(MATERIAL TO PROCESS):

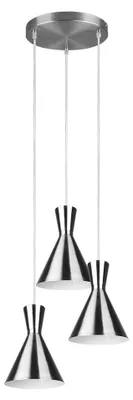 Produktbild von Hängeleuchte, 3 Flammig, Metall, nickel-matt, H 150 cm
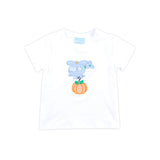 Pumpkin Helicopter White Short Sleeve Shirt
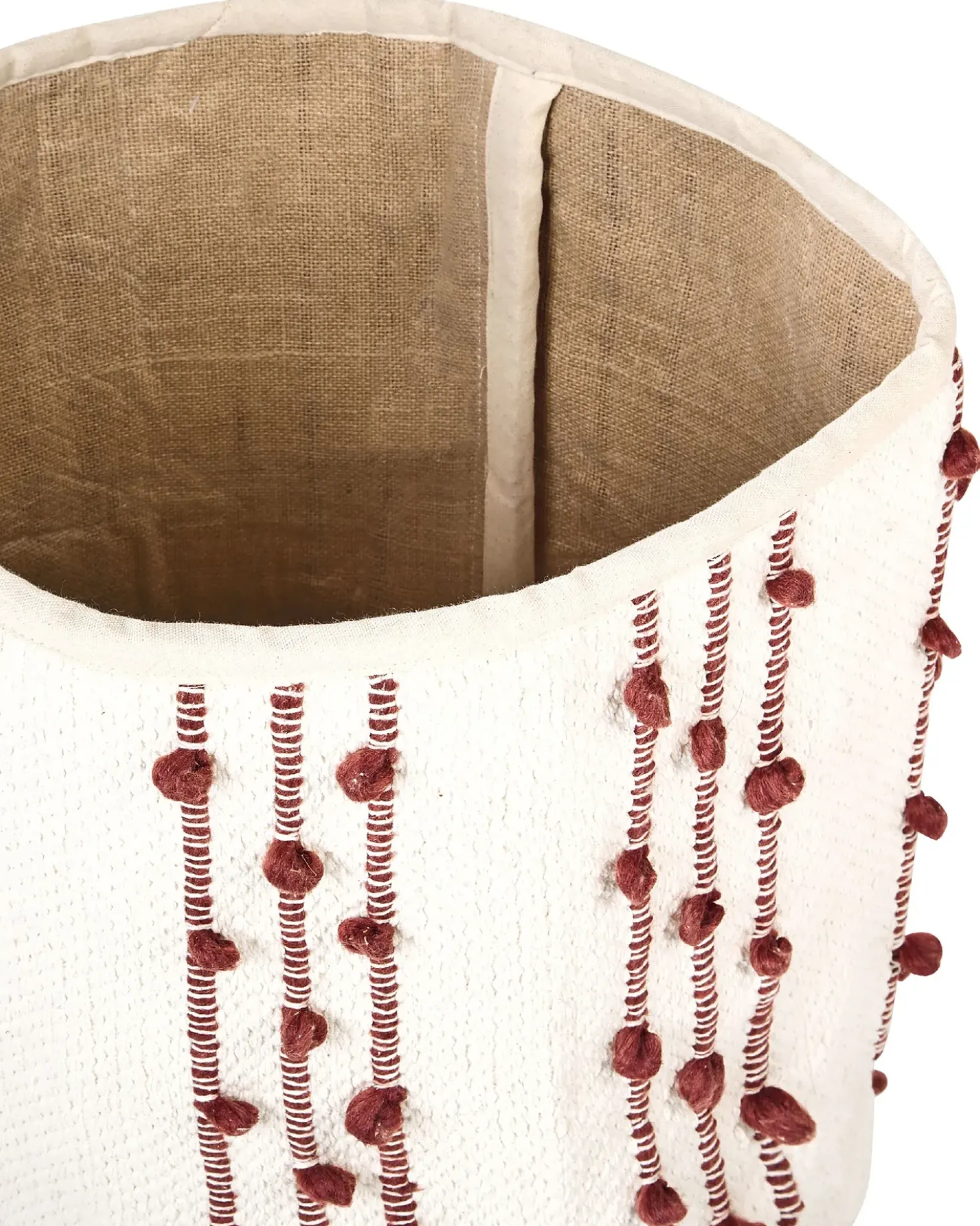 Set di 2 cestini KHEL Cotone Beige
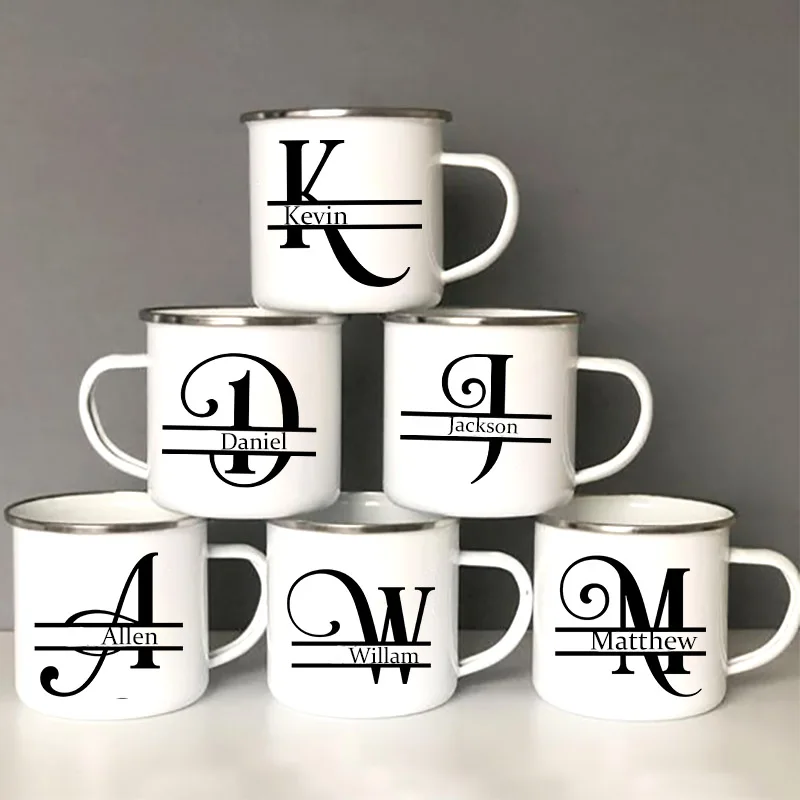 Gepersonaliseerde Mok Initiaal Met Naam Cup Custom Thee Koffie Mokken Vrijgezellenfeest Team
--
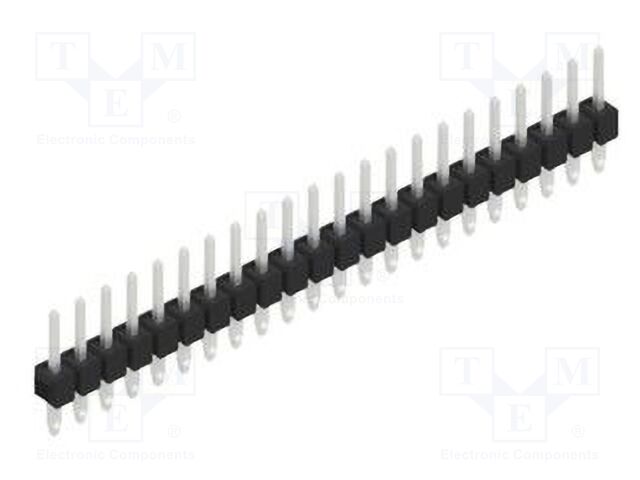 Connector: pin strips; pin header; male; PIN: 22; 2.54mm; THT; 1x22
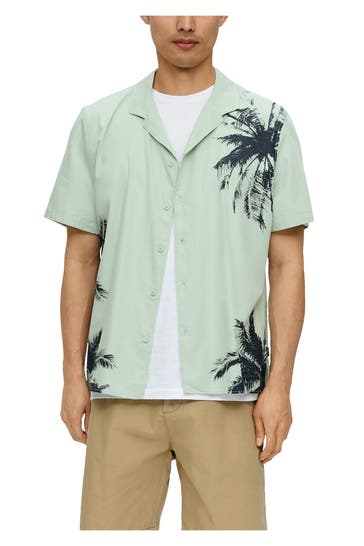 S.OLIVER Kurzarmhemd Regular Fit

(WHAT IS EXPECTED): After locating the line containing "Produktbild von Hängeleuchte, 3" in the entries above, return it and every line after it exactly, ending at the line containing "Gepersonaliseerde Mok Initiaal", without pictures.

(EXERCISE ANSWER):
 Produktbild von Hängeleuchte, 3 Flammig, Metall, nickel-matt, H 150 cm
 Pumpkin Helicopter White Short Sleeve Shirt
 Set di 2 cestini KHEL Cotone Beige
 Gepersonaliseerde Mok Initiaal Met Naam Cup Custom Thee Koffie Mokken Vrijgezellenfeest Team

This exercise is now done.